Drawing you into unfamiliar worlds: soundscapes

3 minute read

Soundscape - Feature

It’s inherent that a movie needs to use a powerful visual language in order to become a success. But many if not all successful movies also use sound and soundscapes to help control the spectator’s emotions with regards to what he’s seeing. Sci-fi movies like Wall-E and Star Wars use soundscapes to draw us deep into an unknown world by using familiar sounds in novel ways.

When someone describes an environment, complete with the sounds they heard, you are likely to hear those sounds in your mind and associate them with things and events that are familiar to you. This is a naturally occurring process called audiation. As with imagination, each person’s audiation is different from that of the next, but sonic imagery does evoke roughly the same feelings in an audience.
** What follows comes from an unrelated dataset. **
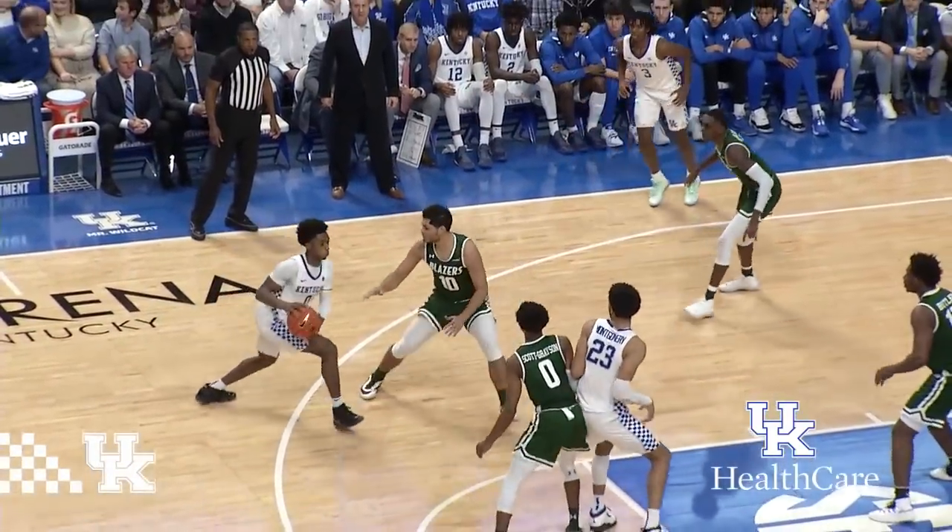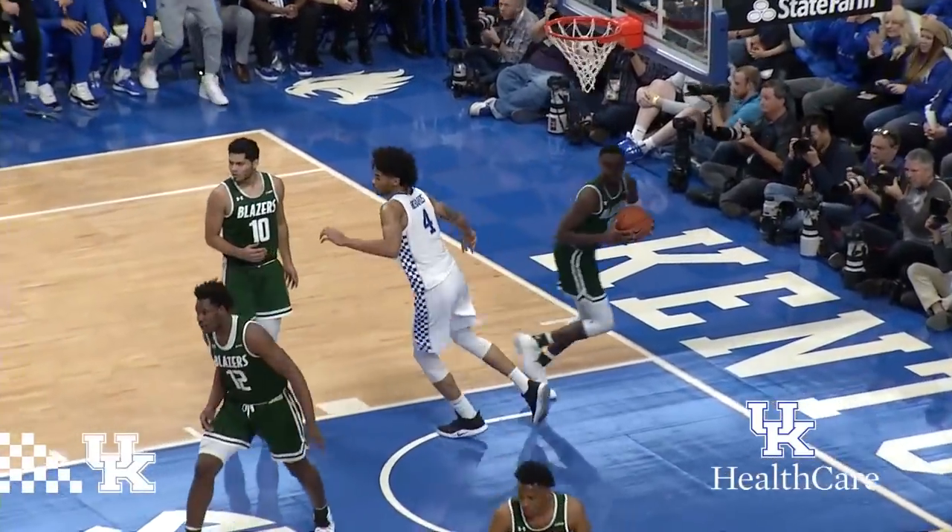Beats the high post to Montgomery, back to Higgins, fakes the three — lob, dunk! Nick Richards!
Indeed, it can draw you into an environment that cannot physically exist, hence the power of well-designed soundscapes in sci-fi movies. Soundscapes can consist of almost musical compositions but also simple, recorded sounds. For movies that play in our known world, a director may want to create sound surroundings that convey not just the environment as you see it but a specific set of emotions that go along with it and that reinforce the story. For example, a shot of a man in a motel room, even when the lighting is adapted to suggest loneliness, may have little of the desired emotional impact unless a soundscape underlines the emotion — even if that means making the scene totally silent. Silence in an otherwise sound-rich movie has more power to hit you in the face than anything else.

Most soundscapes for non-sci-fi movies can be created with ethnographic anthropological field recordings, such as recordings of sounds in a city, of people in a park, etc, but also with natural sounds like birds in the sky. In many non-sci-fi movies, the soundscape is created by carefully selecting and mixing sounds as the director and sound designer try to evoke a feeling in the viewer/listener of being there, whatever the location of film reality might be.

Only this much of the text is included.